A new study suggests cancer patients may be open to using marijuana, but healthcare providers may be falling short in educating patients on marijuana use.

This single-center study included more than 900 cancer patients in a US state with legalized medicinal and recreational marijuana.

More than 90% of the patients surveyed said they were interested in learning more about marijuana use in the context of cancer, and nearly three-quarters of the patients wanted their cancer care providers to supply information on the topic.

However, less than 15% of patients received such information from providers. Instead, patients learned about marijuana use from sources such as the Internet or other patients.

“Cancer patients desire but are not receiving information from their cancer doctors about marijuana use during their treatment, so many of them are seeking information from alternate, non-scientific sources,” said Steven Pergam, MD, of the Fred Hutchinson Cancer Research Center in Seattle, Washington.

Dr Pergam and his colleagues reported this finding in the journal Cancer.

Eight US states and the District of Columbia have legalized recreational marijuana, and more than half of states have passed laws allowing for medical marijuana in some form. Marijuana is purported to alleviate symptoms related to cancer treatment, but patterns of use among cancer patients are not well known.

To investigate, Dr Pergam and his colleagues surveyed 926 patients at the Seattle Cancer Center Alliance. The patients’ median age was 58, 52% were male, and 59% had at least a college degree. Thirty-four percent of patients had hematologic malignancies.

Results

Sixty-six percent of patients said they had used marijuana in the past, 24% used in the last year, and 21% used in the last month.

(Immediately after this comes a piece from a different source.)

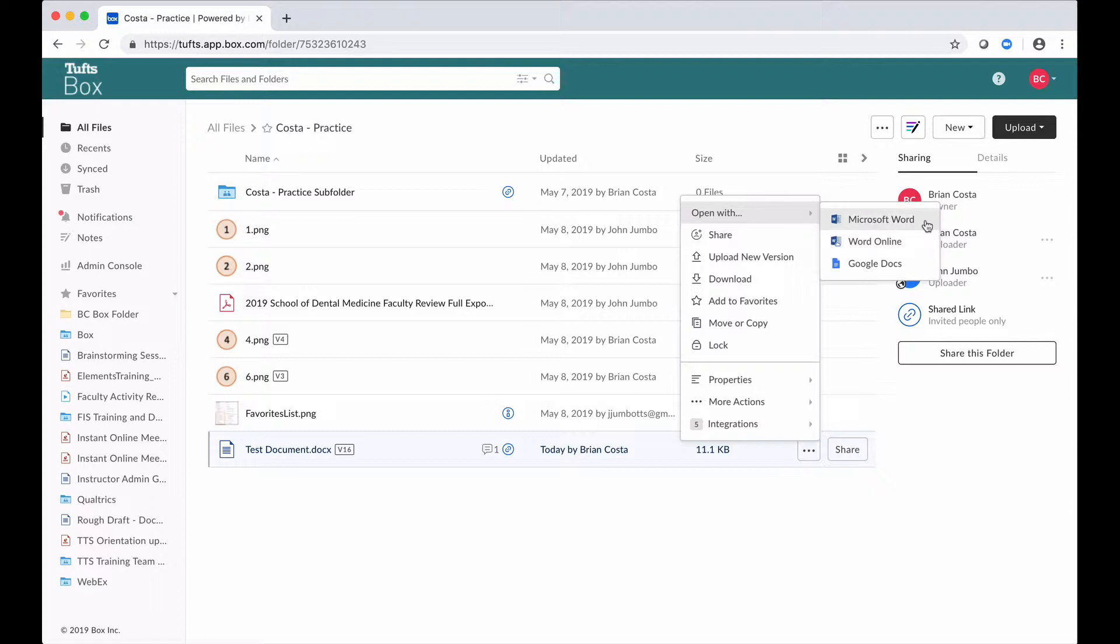One of those is, because this is a Word document, Microsoft Word, which is the desktop version of that application which I have installed on my computer, or I could choose to make my edits in Word Online, which is the version of Word that you can use right within your browser.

A random analysis of patient urine samples showed that 14% of patients had evidence of recent marijuana use, similar to the 18% of users who reported at least weekly marijuana use.

When compared to patients who never used marijuana and those who previously used marijuana but quit, patients currently using marijuana said they were more likely to do so because the drug had been legalized. Women were more likely than men to use because of legalization.

Current marijuana users were younger, had less education, and were less likely to have undergone hematopoietic stem cell transplant. There was no difference in marijuana use according to a patient’s cancer type.

Most patients said they used marijuana to relieve physical symptoms (75%) and neuropsychiatric symptoms (63%), though some also used it recreationally (35%).

In addition, 26% of current marijuana users said they believed the drug was helping to treat their cancer. And 5% of these users said this was their only reason for marijuana use.

Most patients (92%) said they wanted to learn more about marijuana and cancer. However, the level of interest varied with age, with younger patients expressing the most interest.

Seventy-four percent of patients said they would prefer to get information on marijuana use from their cancer team, but less than 15% received such information from their cancer physician or nurse.

Patients said they received information on marijuana and cancer from friends and family, newspaper and magazine articles, websites and blogs, or another cancer patient.

More than a third of patients said they had not received any information on marijuana and cancer.

“We hope that this study helps to open up the door for more studies aimed at evaluating the risks and benefits of marijuana in this population,” Dr Pergam said. “This is important because if we do not educate our patients about marijuana, they will continue to get their information elsewhere.”